A slippery trail that winds down a small slope in the forest continues to be a favourite destination during walks. Sliding down the hill is both exhilarating and scary at the same time, and feeling on the borderline of being out of control are parts of what makes the “Penguin Slide” attractive to the children. Experiencing these contrasting feelings is exciting. Children want to be trusted with decisions in respect to managing risks and safety. Our students were able to recognize and evaluate the risks associated with sliding down the hill. They suggested and agreed to follow this set of guidelines that made the experience less dangerous, but that still involved an element of risk:
• Someone should be at the top of the hill and give the “all clear” for sliding.
• Only one person should slide at a time. (After a while, the children expressed a desire to go down the hill as a “train,” so we had to revisit, discuss, and amend our group rules.)
• Only foot-first sliding should be allowed.
• After sliding, move quickly and safely from the bottom of the hill.
• Walk back up the hill along a side route rather than up the centre of the sliding path.
When children generate their own ideas about keeping safe, they are invested in them. We, as adults, don’t have to work as hard to enforce arbitrary, extrinsic rules. After implementing some parameters that made the sliding safe enough for the experience to continue, we noticed that the students appeared to understand their personal competencies and the levels of risk they were comfortable with. They adjusted their risky play to these internal boundaries. After evaluating the situation for themselves, some children opted not to slide, or to slide from only partway up the hill. A child’s personality plays a significant role in the child’s risk-taking decisions.
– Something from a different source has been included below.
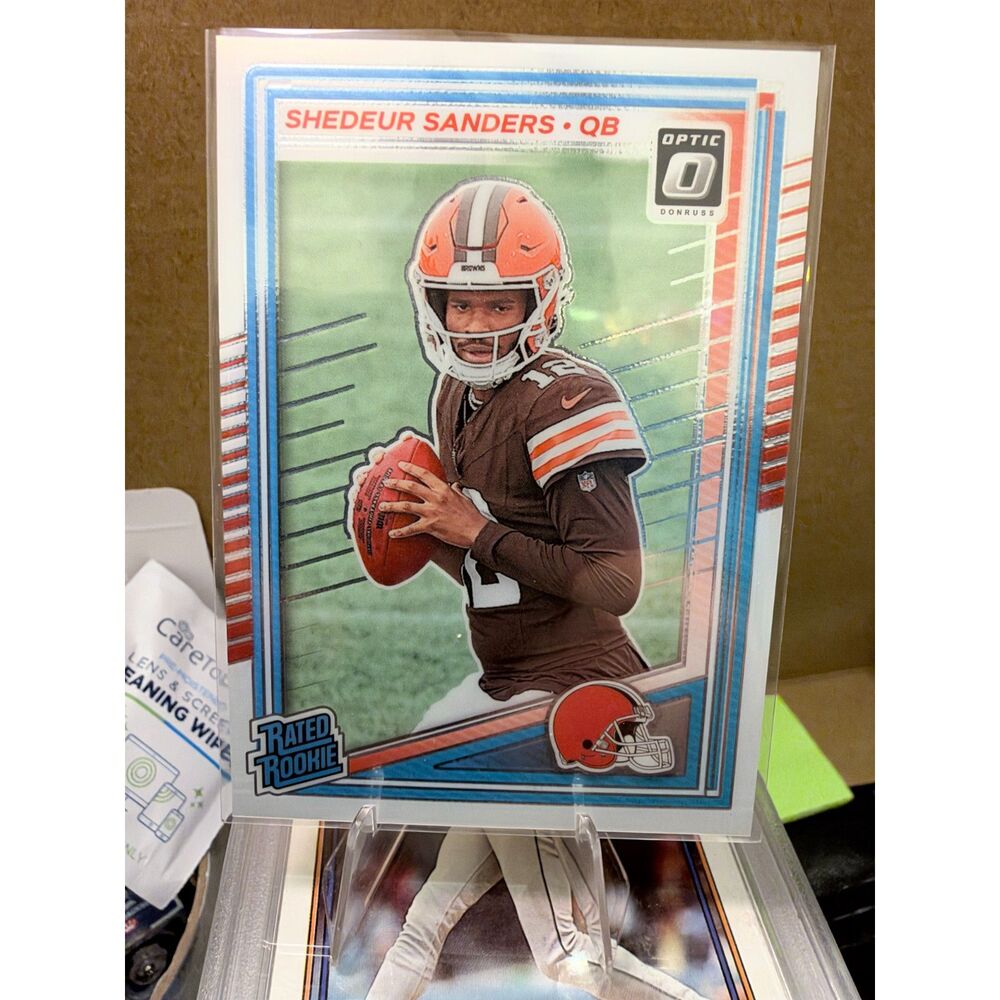 2025 Donruss Optic Shedeur Sanders Rated Rookie RC #203 Browns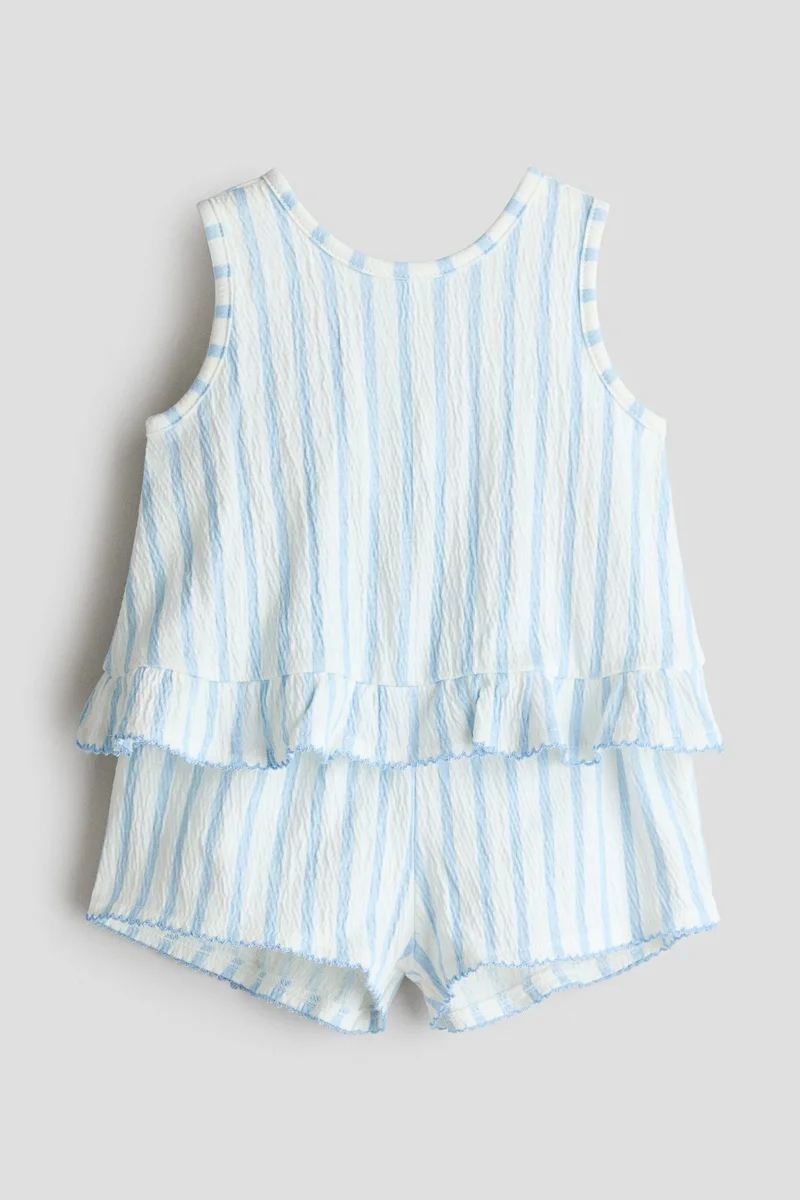H&M 2-piece crinkled cotton set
We take into account individual temperaments and we strive to meet children “where they are at” in terms of their approach to experiencing and navigating risk.
Personal resilience, development of self-esteem and confidence for those overcoming fears, group communication, negotiating turn taking, and a growing understanding of physics are just a few of the positive benefits resulting from our visits to the “Penguin Slide.” According to Tim Gill in his article, “The End of Zero Risk in Childhood,” “Children learn a great deal from their own efforts and from their mistakes. If we try too hard to keep them safe, we starve them of the very experiences that they need if they are to learn how to deal with the ups and downs of life.” And the ups and downs of the “Penguin Slide.”